W Dobieszczynie dokładam kilometrów odbijając na Trzebież przez podmyśliborskie skrzyżowanie. Asfalt nie jest tam najlepszy, ale spodziewałem się, że będzie gorzej. Od Trzebieży już lekko, zawijam na nieczynny przystanek osobowy w Niekłończycy - Uniemyślu (fizycznie znajduje się w Uniemyślu), a potem z Polic do Szczecina jadę dla zasady, bo wiem, że tędy lepiej nie podróżować, przez Przęsocin. Dla zasady, bo jeszcze tędy nie jeździłem. Droga ma swoje minusy - duży ruch i dość wąsko, ale i plusy: jadąc szosówką omija się wredny odcinek Pilchowo - Głębokie, a poza tym od dzielnicy Bukowo prawie cały czas pruje się w dół (inna sprawa, że od Polic trzeba wjechać z poziomu 9 metrów na ponad 100, żeby się tym cieszyć).
Kategoria wycieczka
- DST 59.10km
- Teren 5.90km
- Czas 02:53
- VAVG 20.50km/h
- VMAX 43.00km/h
- Temperatura 21.0°C
- Kalorie 1581kcal
- Podjazdy 274m
- Sprzęt Author Airline
- Aktywność Jazda na rowerze
Wycieczka po pieczątkę
Sobota, 17 września 2016 • dodano: 18.09.2016 | Komentarze 3
Musiałem podjechać po pieczątkę, którą zostawiłem w pracy na Bukowym. W pierwszym odruchu miałem plan przejazdu najkrótszą drogą, ale na Moście Pionierów miałem sporo czasu na myślenie (zdjęcie) i wykombinowałem sobie, że przecież mogę tam dojechać przez ulkubioną Drogę Górską. A jak dojechać do Drogi Górskiej - no oczywiście tylko przez Wielgowo, Sławociesze, Płonię, a na koniec jeszcze zdewastowaną Starą Drogą Bieszczadzką. I tak dokonało się ;)
Kategoria wycieczka
- DST 19.30km
- Czas 01:02
- VAVG 18.68km/h
- VMAX 28.30km/h
- Temperatura 21.0°C
- Kalorie 479kcal
- Podjazdy 62m
- Sprzęt Author Airline
- Aktywność Jazda na rowerze
DPD
Piątek, 16 września 2016 • dodano: 18.09.2016 | Komentarze 2
Po pracy oddać przetrzymaną książkę i pożyczyć kolejną - w filii, która jak się okazało jest nieźle ukryta.

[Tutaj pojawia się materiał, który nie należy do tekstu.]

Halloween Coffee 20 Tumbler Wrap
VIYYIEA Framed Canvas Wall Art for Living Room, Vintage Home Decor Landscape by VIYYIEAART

Trzeba było pokonać pana na portierni w "DeeSie" (padło sakramentalne: "dzieee?"), a potem znaleźć odpowiednią klatkę akademika i jeszcze wspiąć się na drugie piętro. Misja skończyła się sukcesem ;) Kategoria komunikacyjnie
- DST 24.50km
- Czas 01:15
- VAVG 19.60km/h
- VMAX 34.70km/h
- Temperatura 21.0°C
- Kalorie 617kcal
- Podjazdy 56m
- Sprzęt Author Airline
- Aktywność Jazda na rowerze
DPD
Czwartek, 15 września 2016 • dodano: 18.09.2016 | Komentarze 0
Kategoria komunikacyjnie
- DST 33.40km
- Czas 01:42
- VAVG 19.65km/h
- VMAX 42.80km/h
- Temperatura 22.0°C
- Kalorie 817kcal
- Podjazdy 112m
- Sprzęt Author Airline
- Aktywność Jazda na rowerze
DPPD
Środa, 14 września 2016 • dodano: 18.09.2016 | Komentarze 0
Kategoria komunikacyjnie
- DST 204.80km
- Teren 15.40km
- Czas 09:18
- VAVG 22.02km/h
- VMAX 46.80km/h
- Temperatura 21.0°C
- HRmax 160 ( 83%)
- HRavg 136 ( 71%)
- Kalorie 5275kcal
- Podjazdy 642m
- Sprzęt Author Airline
- Aktywność Jazda na rowerze
Łobez, czyli odbiór potomkini ze szkoły
Wtorek, 13 września 2016 • dodano: 14.09.2016 | Komentarze 14
Od czasu do czasu odbieram Igusię ze szkoły. Zdarzało się już, że dojeżdżałem do Łobza z tej okazji na rowerze. Dzisiaj też taki był plan, ale po pierwsze wczoraj "profilaktycznie" naładowałem sobie baterię do przedniej lampki, po drugie wiało z takiego kierunku, że szkoda było nie zdyskontować tego "na powrocie", po trzecie uznałem, że fajnie było by mieć świadomość, że prawie 50 zł zostało w kieszeni, bo nie pojechałem pociągiem.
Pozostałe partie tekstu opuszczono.